In some implementations, the selection model 102 sets a timeframe and only obtains the medical articles 16 within the timeframe from the datastores 104, 106. One example timeframe includes the past three years. Thus, the selection model 102 may only obtain the medical articles 16 published or written within the past three years to analyze and determine which medical articles 16 to include in the subset of the medical articles 18.
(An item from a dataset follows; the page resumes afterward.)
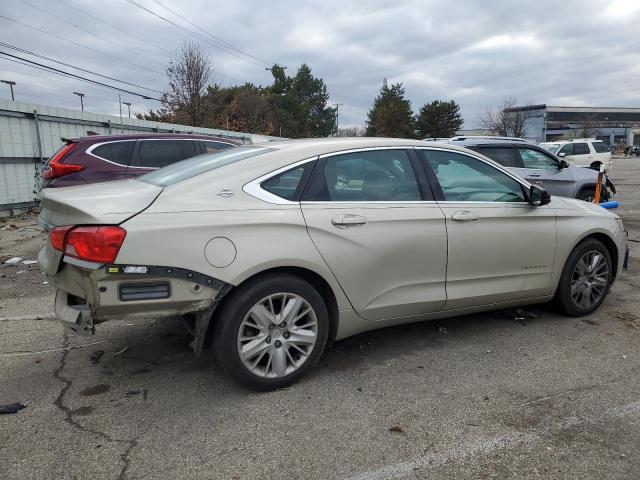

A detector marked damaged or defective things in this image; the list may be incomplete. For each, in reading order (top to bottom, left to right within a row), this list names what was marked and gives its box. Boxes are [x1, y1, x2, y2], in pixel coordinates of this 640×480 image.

broken bumper cover [49, 260, 230, 336]
cracked pavement [1, 158, 640, 480]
Another example includes a timeframe based on a previous output for the protocol document 10. If the protocol document 10 is being updated (e.g., updating the eligibility criteria section) or if a different clinical study 12 is being performed for the same vaccine included in a protocol document from a year ago, the selection model 102 may set the timeframe based on the previous output for the protocol document 10 (e.g., last year). As such, instead of reviewing all the medical articles 16 again, the selection model 108 may limit the timeframe for the medical articles 16 to obtain from the datastores 104, 106 to the newly published or newly written medical articles 16 (e.g., published or written after a year ago).

The generation model 108 may receive the subset of the medical articles 18 and may analyze the text of the medical articles 16 included in the subset of the medical articles 18 using one or more natural language processing (NLP) machine learning models. In some implementations, the generation model 108 uses sequence-to-sequence transformer models to analyze the text of the subset of the medical articles 18.

The machine learning models of the generation model 108 may be trained using a database of protocol documents that cover a variety of medical conditions and/or diseases used for previous clinical studies as the training input. The training input may include several hundred thousand of past protocol documents for previously performed clinical studies. In addition, the training input may include several hundred thousand medical articles that cover a variety of medical conditions or diseases. Alternatively, the generation model 108 may be based on a powerful pre-trained language model, such as, a generative pre-trained transformer (GPT)-3, which is trained on billions of documents. Using zero-shot or few-shot learning, the GPT-3 generation model may generate the output from the knowledge and/or insights extracted from the medical articles.

The machine learning models may be trained to identify portions 20 of the medical articles related to the different sections 14 of the protocol documents 10. As such, the corpus used for the training input of the machine learning models may include a large volume of existing protocol documents for past clinical studies performed and a large volume of different medical articles.

The generation model 108 may analyze each medical article 16 of the subset of the medical articles 18 separately. For each medical article 16, the generation model 108 identifies different portions 20 of the medical article 16 that are related to the sections 14 of the protocol document 10 and extracts the information from the medical article 16. The generation model 108 also analyzes the text of the medical article 16 and determines what type of research or study the medical article discusses and determines a result of the research or study based on the analysis of the text.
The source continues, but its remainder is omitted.